Helios: Real Time Long Video Generation at 19.5 FPS on a Single GPU
Share this post:
Helios: Real Time Long Video Generation at 19.5 FPS on a Single GPU
A research team from Peking University, ByteDance, and Canva has released Helios, a 14 billion parameter autoregressive diffusion model that generates minute scale videos at 19.5 frames per second on a single NVIDIA H100 GPU. The model achieves this without KV-cache, quantization, sparse attention, or any of the standard acceleration techniques the field relies on. It is open source under the Apache 2.0 license and available for commercial use.
Three Core Breakthroughs
Helios is built around three engineering advances that together explain why the model performs so differently from its peers.
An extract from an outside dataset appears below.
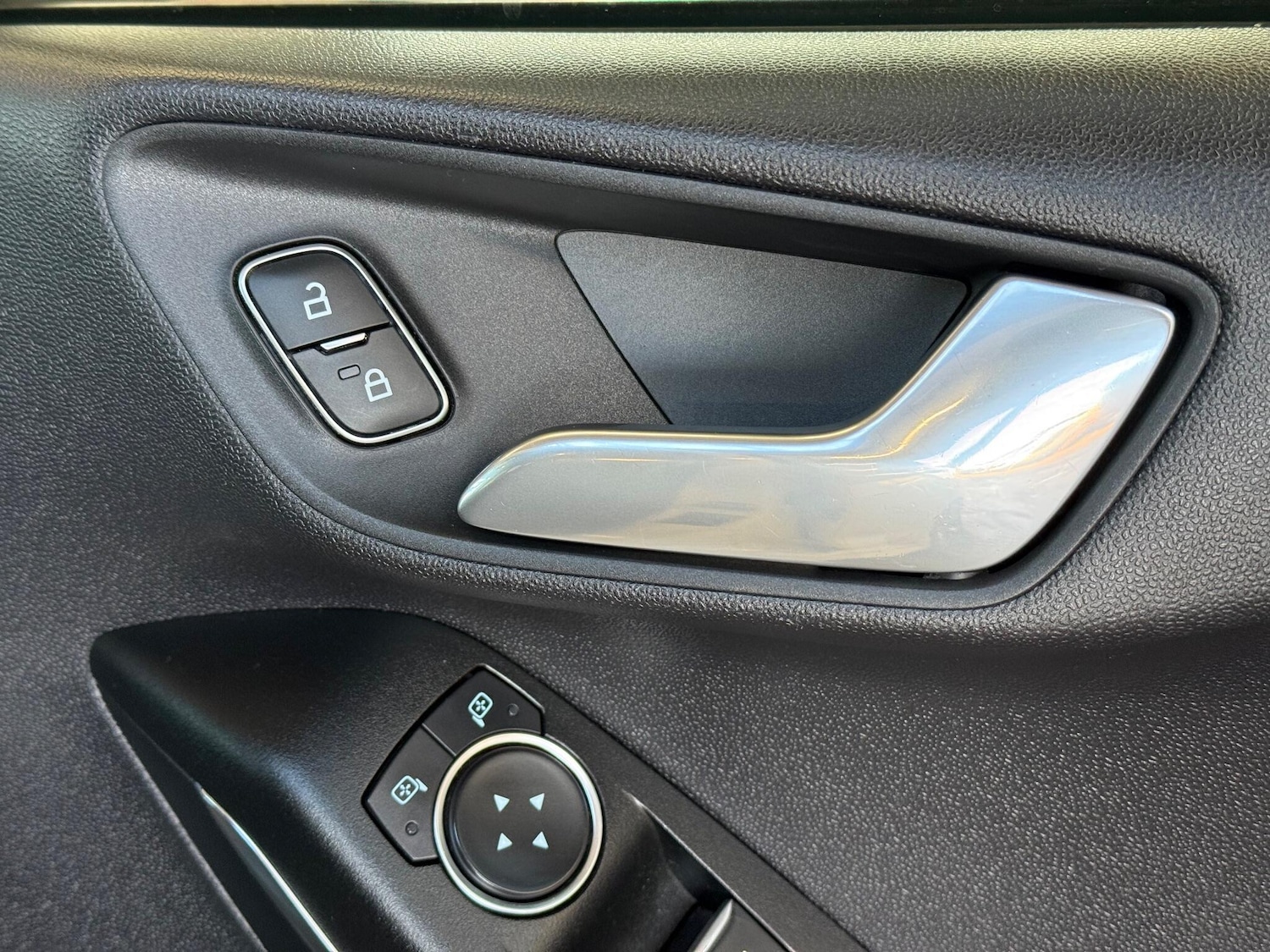 Used Ford Fiesta 2020 for sale - 77115902: Photo 38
Long Video Stability Without Anti-Drift Techniques
Autoregressive video models accumulate errors over time. Each generated frame conditions the next, and small deviations compound into visible drift: repetitive loops, incoherent motion, and gradual scene degradation. The standard industry response has been to add corrective mechanisms like self-forcing, error-banks, and keyframe sampling.
Helios skips all of them. Instead, the team trained the model with targeted strategies that simulate drifting conditions during preparation. The model learns to handle distributional shift from within, rather than relying on external guardrails. This allows it to maintain coherence through up to 1,440 frames, roughly one minute at 24 FPS, without visible degradation.
Helios: minute long video generation without drift
Real Time Speed Without Standard Acceleration
The 19.5 FPS figure is particularly striking because Helios reaches it through architectural compression rather than inference tricks. The model aggressively compresses historical and noisy context representations and reduces sampling steps. The result is that a 14 billion parameter model incurs computational costs similar to a 1.3 billion parameter model at inference time.
No KV-cache. No causal masking shortcuts. No TinyVAE. No quantization. The speed is native to the architecture, not bolted on afterward.
Helios text-to-video short showcase
Training Efficiency at Scale
Most 14B model training runs require tensor parallelism, pipeline parallelism, or sharding frameworks to manage GPU memory. Helios was trained without any of them. The team's infrastructure optimizations allow batch sizes equivalent to image diffusion model training, and fit up to four full 14B instances within 80 GB of GPU memory.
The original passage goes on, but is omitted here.